● **DATA SEGMENT**
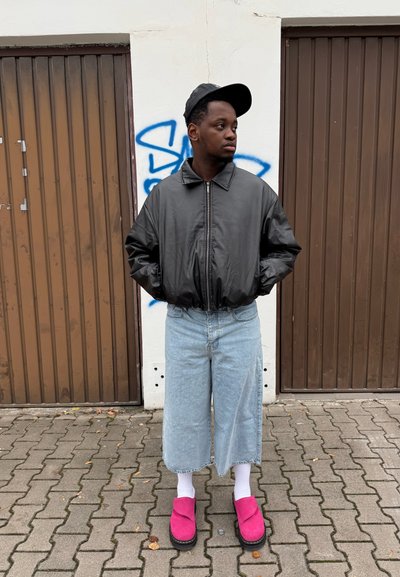 Chaqueta bomber negra, pantalones cortos de mezclilla anchos en azul claro, calcetines blancos, zapatillas rosas tipo slip-on. De pie sobre adoquines cerca de puertas de madera y graffiti.
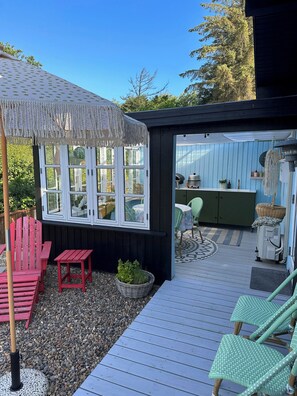 Eine Terrasse mit einer Pergola, roten Stühlen und einem Tisch.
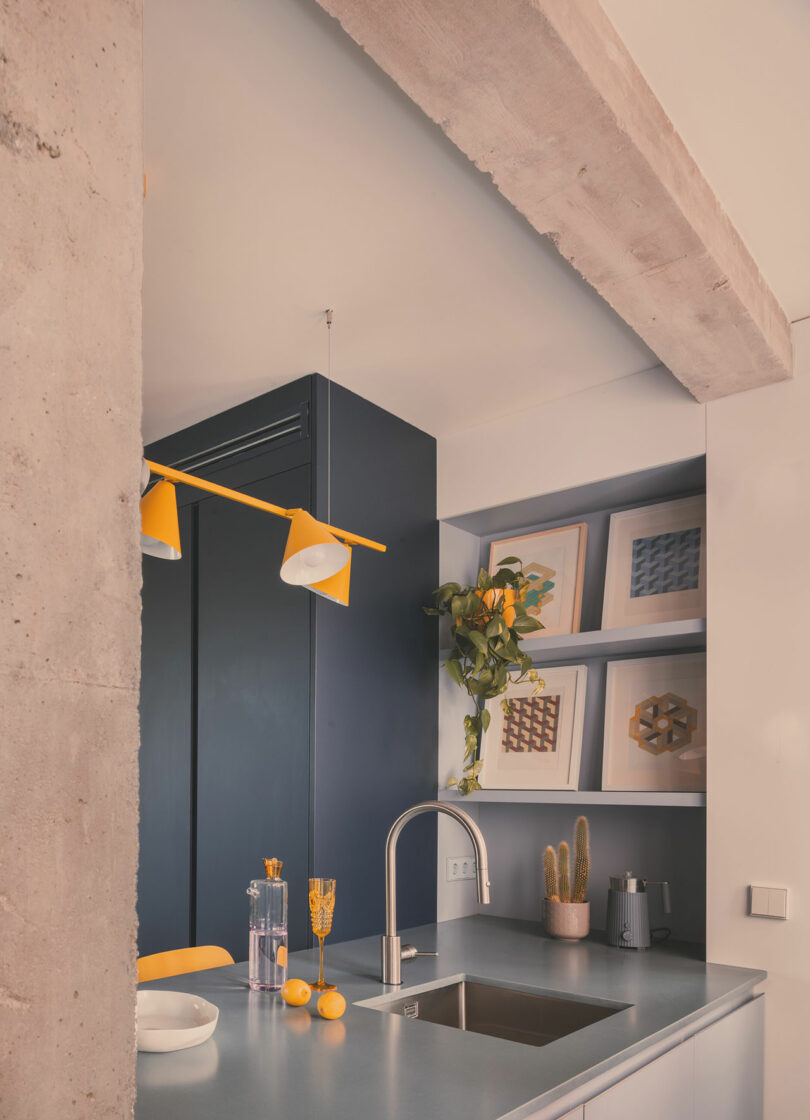 Modern kitchen with a gray countertop, built-in sink, yellow accents, wall art, potted plants, and a concrete beam overhead.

● **ASSIGNMENT**
Each word of the data should be repeated exactly, and the pictures left out.

● **RESPONSE TO THIS TASK**
 Chaqueta bomber negra, pantalones cortos de mezclilla anchos en azul claro, calcetines blancos, zapatillas rosas tipo slip-on. De pie sobre adoquines cerca de puertas de madera y graffiti.
 Eine Terrasse mit einer Pergola, roten Stühlen und einem Tisch.
 Modern kitchen with a gray countertop, built-in sink, yellow accents, wall art, potted plants, and a concrete beam overhead.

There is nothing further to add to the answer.